In its October 12, 2006 announcement of the signing of the SLA, the US Commerce Department website mentions the Committee to Oversee Future Implementation of the agreement, which includes supervising working groups that are established to address specific issues. One working group will also develop substantive criteria and procedures for establishing whether a region in Canada uses market-determined timber pricing and forest management systems, which could exempt that region’s softwood lumber from the agreement’s export measures. The Commerce Department will play a significant role in the Softwood Lumber Committee and the working groups, says the website.
Madison’s couldn’t find a single reference on all of the internet to any work or meetings at all by the Working Group on Regional Exemptions to the present.
Anecdotal evidence suggests that this Working Group was never formed.
In it’s own statement released Wednesday, the US Lumber Coalition said it believes that any new trade agreement with Canada governing softwood lumber trade should provide for more automatic adjustments to export measures that reflect, using objective and results-based measures, the benefits that Canadian lumber producers receive from government timber pricing systems and other subsidies. This would allow for adjustments to offset any increased benefits without resort to arbitration, while offering Canadian provinces incentives to adopt verifiable improvements in market pricing for timber, says the US Lumber Coalition.

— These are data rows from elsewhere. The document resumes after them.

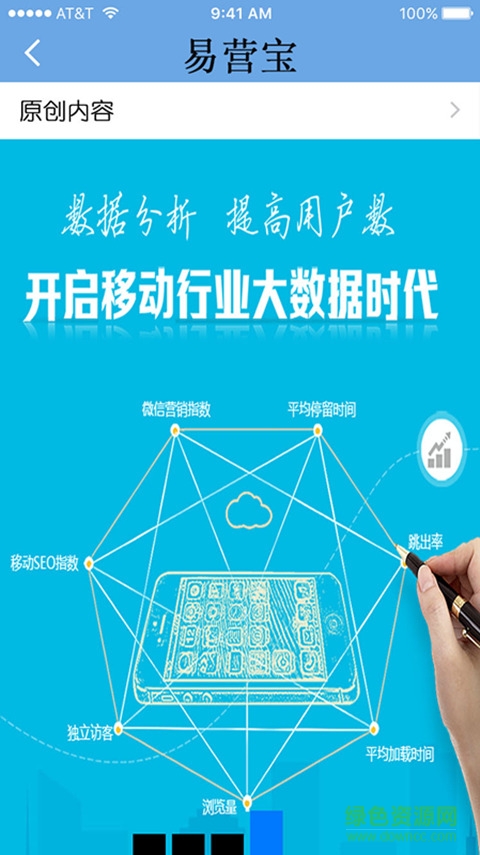 易營寶手機客戶端 v1.0.0 安卓版 1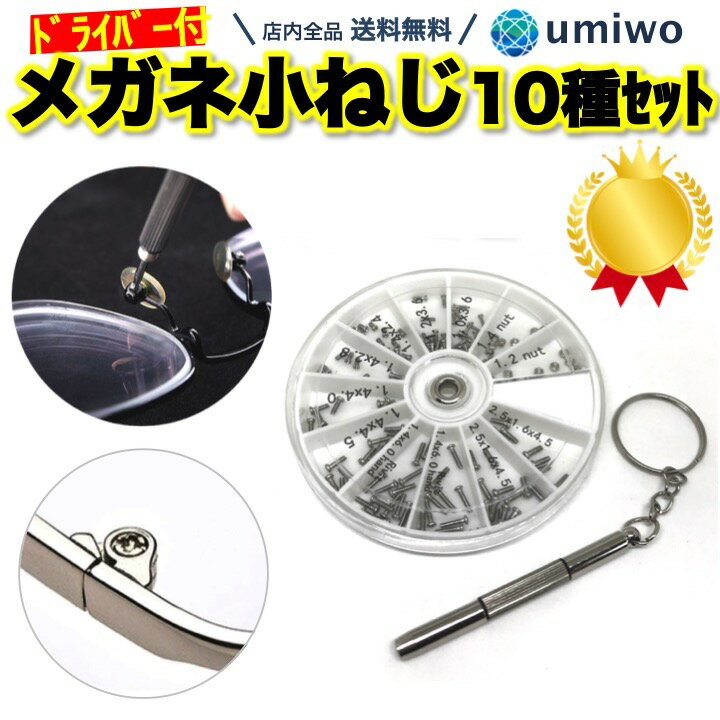 楽天1位【高評価レビュー4.7点】メガネ用 ネジ 10種類 120個 セット ミニドライバー付き 小型ねじ 修理 補修 パーツ ナット 時計 サングラス キー 工具 小ネジ スクリュー 交換 予備 眼鏡ねじ ネジセット 自分で DIY 鼻パッド 交換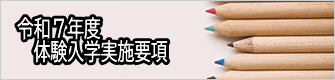 令和７年度 　体験入学実施要項
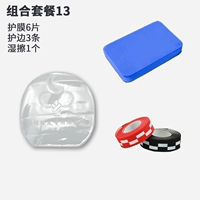 Раздел 6 Край 3 влажный 1 протирание 1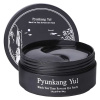 Pyunkang Yul Black Tea Time Reverse Eye Patch – 60 kusov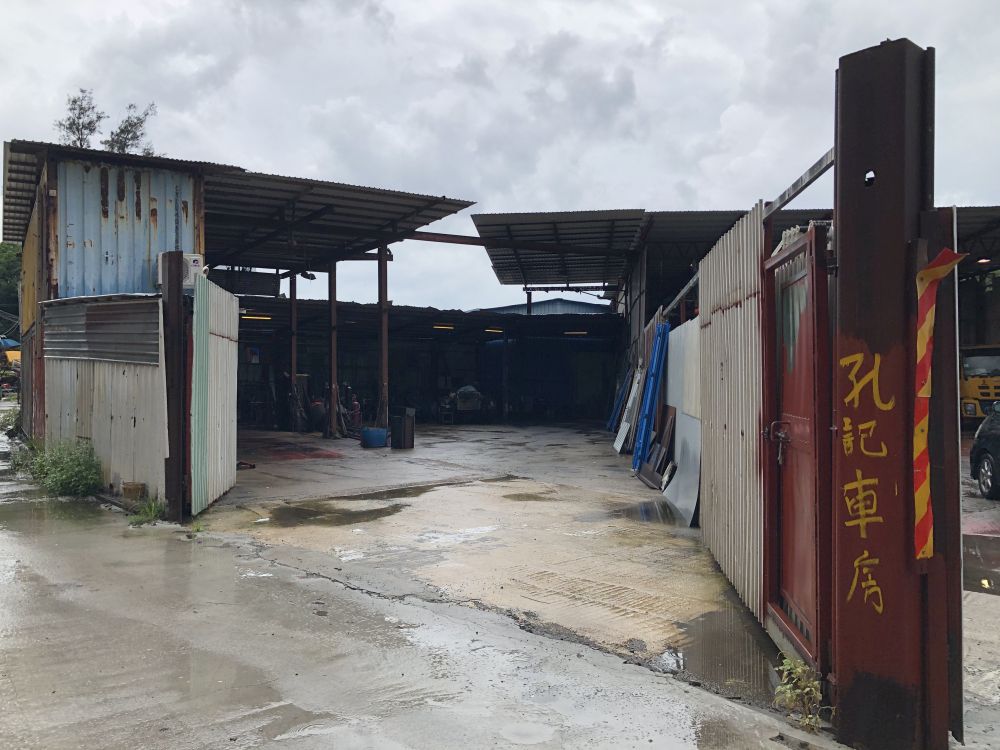 孔记五金汽车零件公司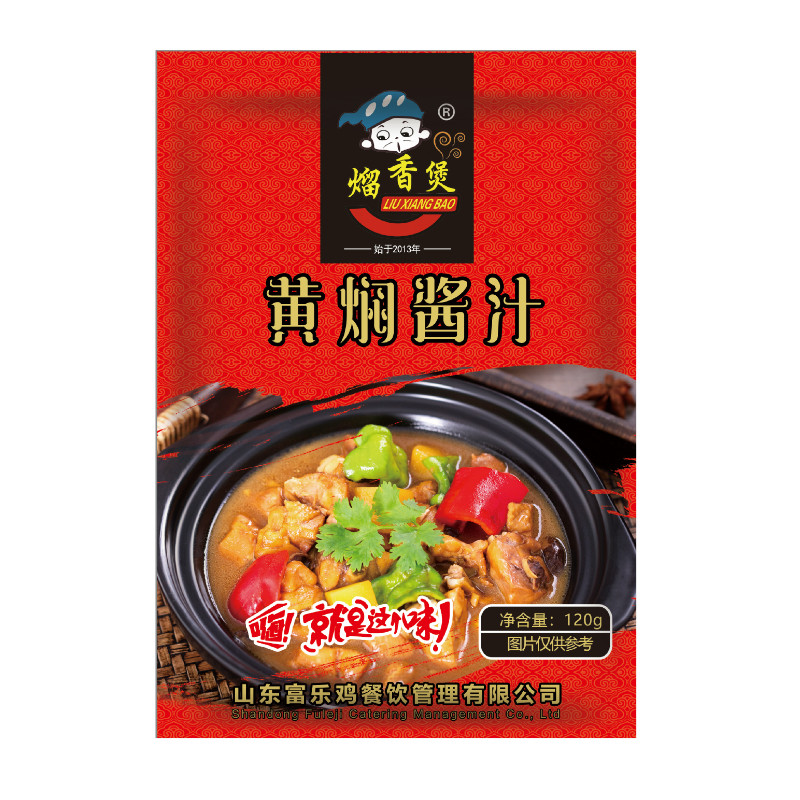 黄焖鸡米饭酱料秘制配方酱汁包调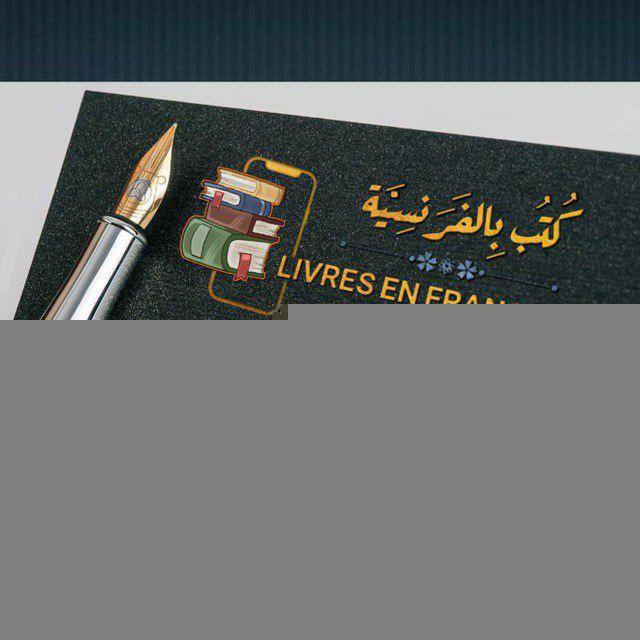 كتب بالفرنسية Livres en français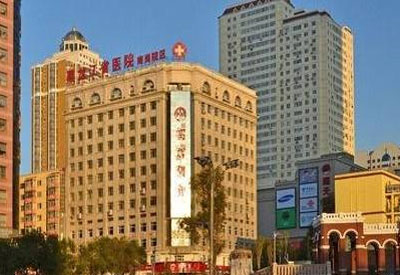 91视频下载免费仪仪器被黑龙江省康复医院招标采购又进一进诊断检查仪器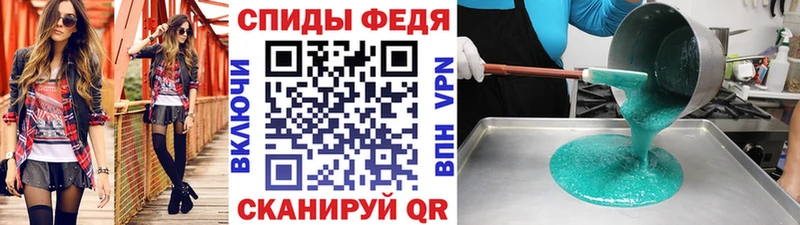 купить наркотики сайты  Тайга  Метамфетамин мет 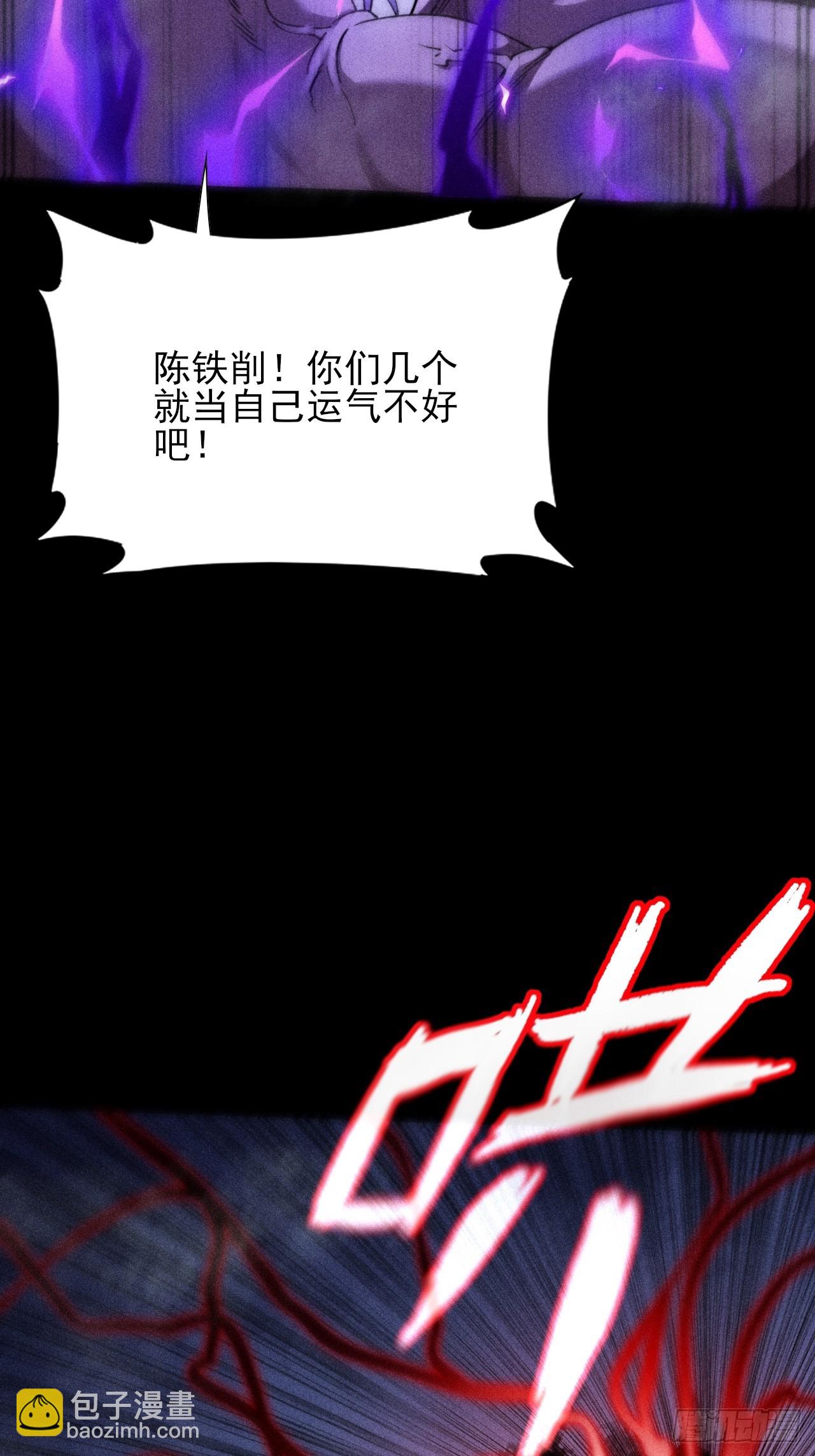 第二十四章  对视(1/2)-第26话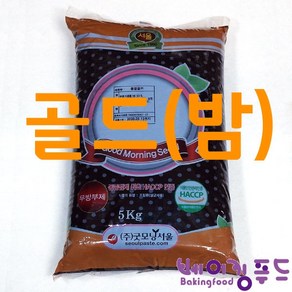 굿모닝서울 통팥앙금(골드) 5kg(2개제한)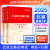 中公教育2025北京市公务员考试用书教材真题题库北京市考：(申论+行测)教材历年真题试卷模拟预测卷 历年真题2本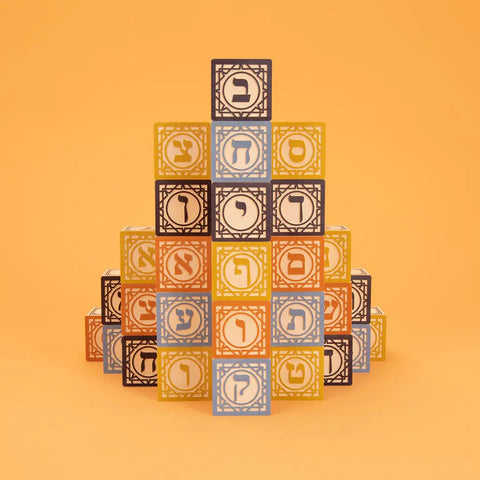 Educational Hebrew Language Wooden Blocks – 28 Pieces 1.75 Inch Cubes – Sustainable Basswood Toy Set | Made in USA Uncle Goose  Languages
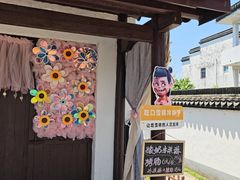 -丝绸小镇荻港古村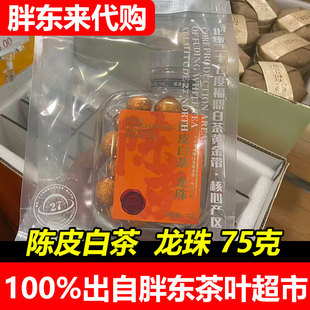 陈皮正品 胖东来代购 茶叶福鼎白茶陈皮茶.龙珠2020年一级寿眉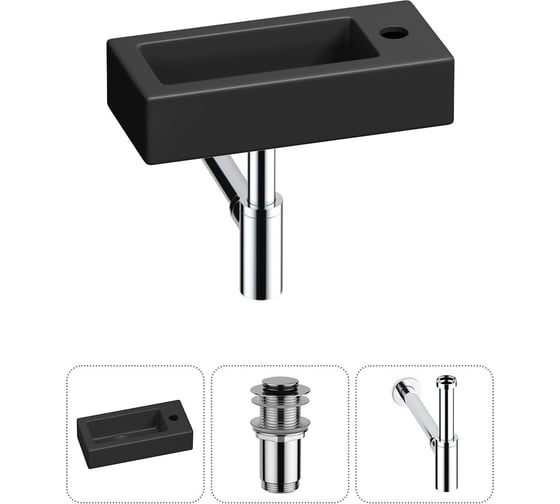 Комплект Wellsee 3 в 1 Lavinia Boho Bathroom Sink накладная/подвесная раковина 37x18 см 20215872R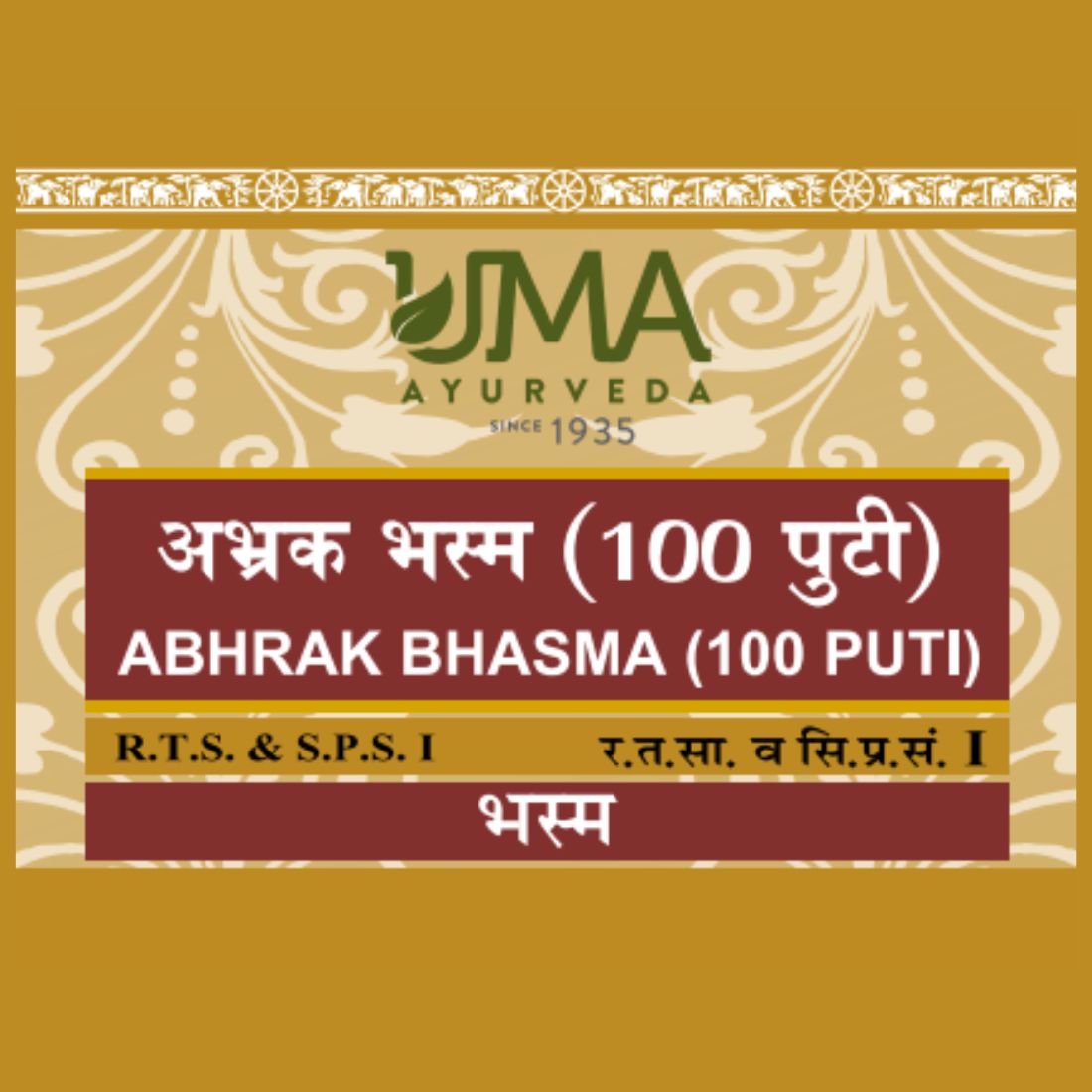 Abhraka Bhasma 100 Puti Useful in Rejuventor, Diabetes, Fever | Uma Ayurveda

The 2006 Softwood Lumber Agreement was initially set to expire in October 2013. Quebec has always wanted to talk about exit ramps for provinces making changes to its stumpage rates, and embarked in earnest on a market system for timber in April 2013. Now both countries have agreed to extend the current agreement until October 2015.
If Canada’s foreign affairs department really wants to “extend it beyond that for another five years or more” as FAITC is quoted in the Globe and Mail, then it seems the full intent of the initial agreement should be put into play first.
Mechanisms which exist in the current agreement to address regional concerns, such as those brought up by Quebec, are not being used. It seems premature, at best, to talk about renewing the agreement as long as this omission exists.
Mid-Friday Tembec, out of Montreal, QC, released a statement reiterating support for the SLA. The statement reads, in part:
Recent media reports have made broad generalizations about the views of the Quebec forestry industry, we would like to correct the record.
As recently as this week, the Softwood Lumber Agreement again proved its effectiveness in supporting the interests of the Quebec and Ontario forestry industry. On March 26, 2014, a Softwood Lumber Agreement Tribunal ruled in favor of Canada, resolving an ongoing dispute with the United States over when a 2011 award issued by the same Tribunal is satisfied. This demonstrates Canada’s close relationship with the United States and its ability to efficiently resolve matters related to the Softwood Lumber Agreement. The embedded process in the Softwood Lumber Agreement to resolve issues as they arise between the two countries will ensure an enduring agreement.
Tembec is pleased with the ruling and appreciates the Government of Canada defending the interests of the softwood lumber industry and for its recognition of the vital economic importance this agreement has for all regions across Canada.